In den vergangenen Weihnachtstagen haben wir die Aufforderung des Weihnachtsliedes, alle zu kommen, sicherlich mehrfach wenigstens gehört, wenn schon nicht selber gesungen. Wenn sie auch nicht wörtlich ausgeführt wurde (ausgeführt werden konnte), nämlich zu "Betlehems Stall" zu gehen, so haben sich doch immer wieder viele eingefunden, die Weihnachtsfeiertage mit dem Christuskind in den kirchlichen Krippen zu begehen. Auch die Gemeinschafstmesse zum Jahresabschluss wurde so überdurchschnittlich gut frequentiert.

Ist das etwas Überraschendes? Ich muss fast sagen: Ja. Wieso? Nun, wenn man die Werbung und die Medienberichte der Vorweihnachtszeit gesehen bzw. gehört hat, musste man beinahe davon ausgehen, dass der wahre Hintergrund von Weihnachten, nämlich die Geburt und damit die historische Menschwerdung des Gottessohnes völlig vergessen war und ist. Die Werbung sprach von X-MAS, vom Weihnachtsmann, vom Schenken und vom Beschenkt-Werden, von den großartigen Geschenken, vor allem für (auch große) Kinder, die man offensichtlich bzw. wahrscheinlich nur zur Weihnachtszeit in dieser Form bekommen kann bzw. bekommt.

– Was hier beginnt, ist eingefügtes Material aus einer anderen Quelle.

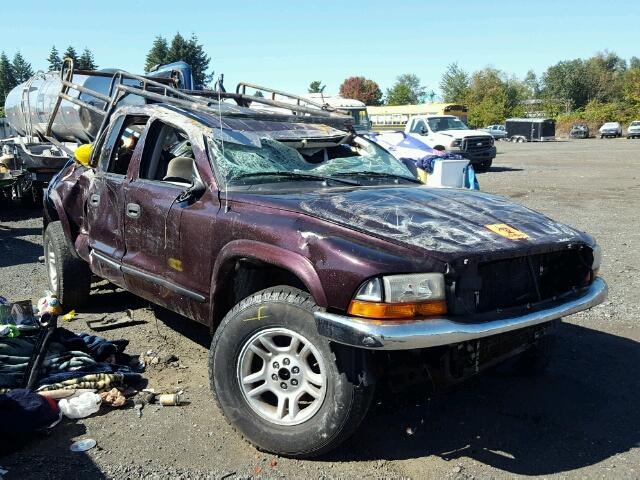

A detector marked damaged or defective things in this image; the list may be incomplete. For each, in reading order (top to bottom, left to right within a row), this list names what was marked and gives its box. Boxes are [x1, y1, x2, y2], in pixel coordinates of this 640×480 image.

shattered windshield [206, 135, 416, 188]
dented hood [241, 186, 596, 258]
damaged maroon pickup truck [43, 71, 604, 458]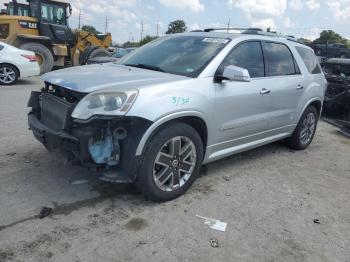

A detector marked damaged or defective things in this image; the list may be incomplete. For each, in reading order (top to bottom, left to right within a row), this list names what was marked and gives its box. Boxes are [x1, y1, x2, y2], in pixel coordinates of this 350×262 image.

damaged hood [41, 63, 189, 92]
broken headlight [72, 89, 139, 119]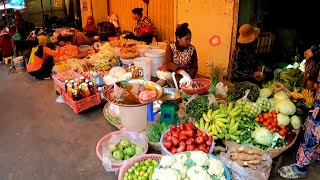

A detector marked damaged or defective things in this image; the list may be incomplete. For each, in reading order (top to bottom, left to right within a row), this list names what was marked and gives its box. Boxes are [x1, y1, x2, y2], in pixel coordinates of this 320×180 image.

wall with peeling paint [174, 0, 236, 76]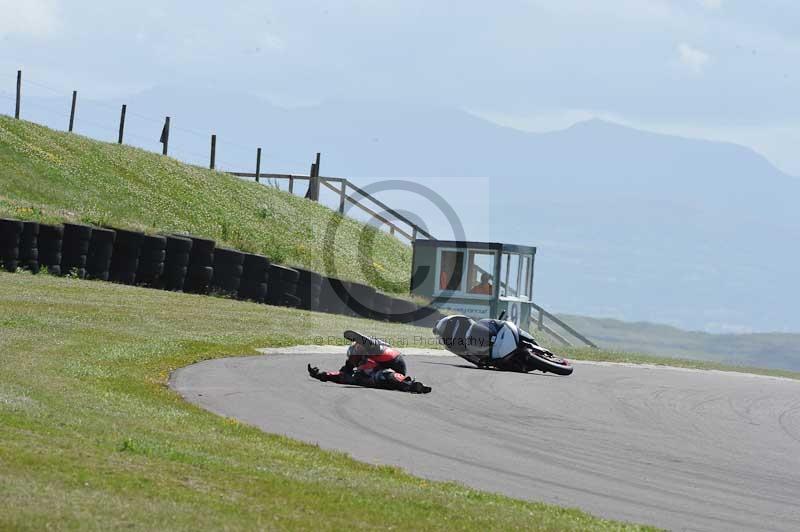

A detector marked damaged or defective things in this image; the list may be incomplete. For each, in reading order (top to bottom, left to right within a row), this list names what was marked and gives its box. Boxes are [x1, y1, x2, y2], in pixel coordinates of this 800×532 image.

crashed motorcycle [432, 314, 576, 376]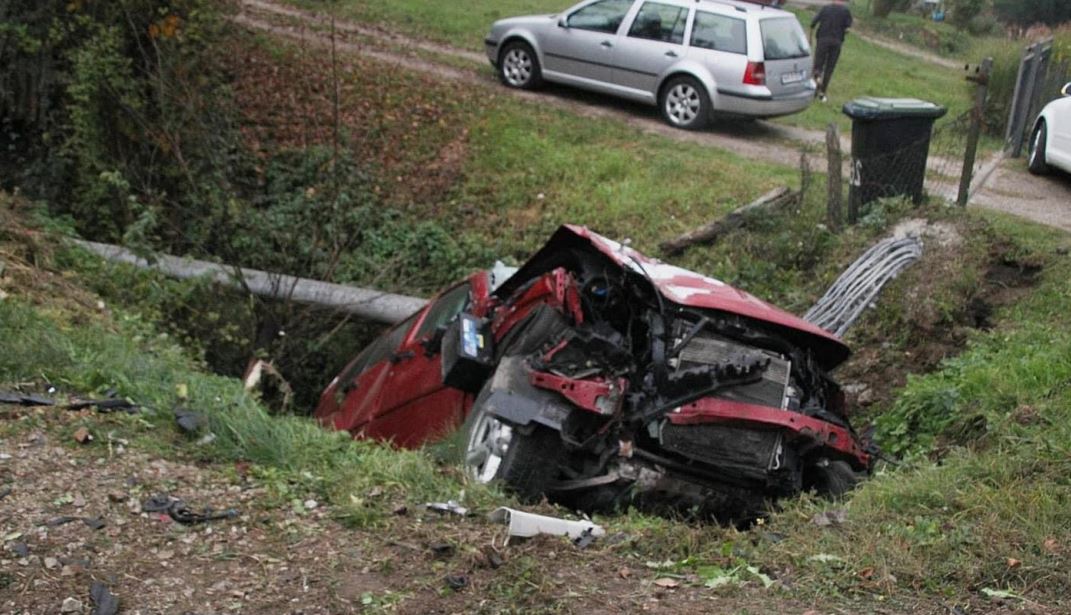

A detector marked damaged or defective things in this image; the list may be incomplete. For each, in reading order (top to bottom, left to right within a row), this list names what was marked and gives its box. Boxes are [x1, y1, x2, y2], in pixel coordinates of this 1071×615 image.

wrecked red car [316, 226, 872, 520]
crushed car hood [494, 226, 856, 370]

Aus den Medienberichten war zu entnehmen, dass die Botschaft von Weihnachten unbekannt ist, dass die "handelnden Personen", wie das Christkind und dessen Eltern Maria und Josef, die Geburt und die Geburtsumstände in Betlehem sowie die Biografie und die Bedeutung von Jesus unbekannt (oder vergessen) sind. Nun, wir "Kinderlein" wurden aufgerufen, zum "Christuskind" zu kommen ... und wir sind gekommen. Zwar nicht alle, wie es im Lied heißt, das wäre sicher auch illusorisch, aber doch sehr viele. Das lässt darauf schließen, dass im Gegensatz zur oben beschriebenen kommerziellen und säkularen Sicht vieler, nicht nur in unserem Land, in  unseren Pfarren ein gründliches und realisiertes Glaubenswissen vorhanden ist.

Im übrigen sich bitte nicht an der Verkleinerungsform "Kinderlein" stoßen! Seien wir vielmehr stolz, durch die Menschwerdung Jesu und dessen Frohbotschaft davon die Nachricht bekommen zu haben, dass wir zu "Gottes Kindern" auserwählt sind. Am Christkönigssonntag werden wir sogar "Königskinder" genannt. Ist das nicht etwas Besonderes?!

Zurück zur Aufforderung: "    kommet doch all!" Ja, wir sind aufgefordert, wir werden gerufen, und das nicht nur in der Weihnachtszeit, sondern immer wieder während des Jahres, zu Jesus und seinem, d.h. auch unserem Vater zu kommen und mit ihm Gottesdienst zu feiern. Gelegenheit dazu ist nun wieder im gewohnten Umfang gegeben. Bitte nützen Sie diese Gelegenheit!

Zum Abschluss nochmals von mir: Gottes reicher Segen möge im Jahr 2018 mit Ihnen und Ihren Familien sein!  Alles Liebe und Gute!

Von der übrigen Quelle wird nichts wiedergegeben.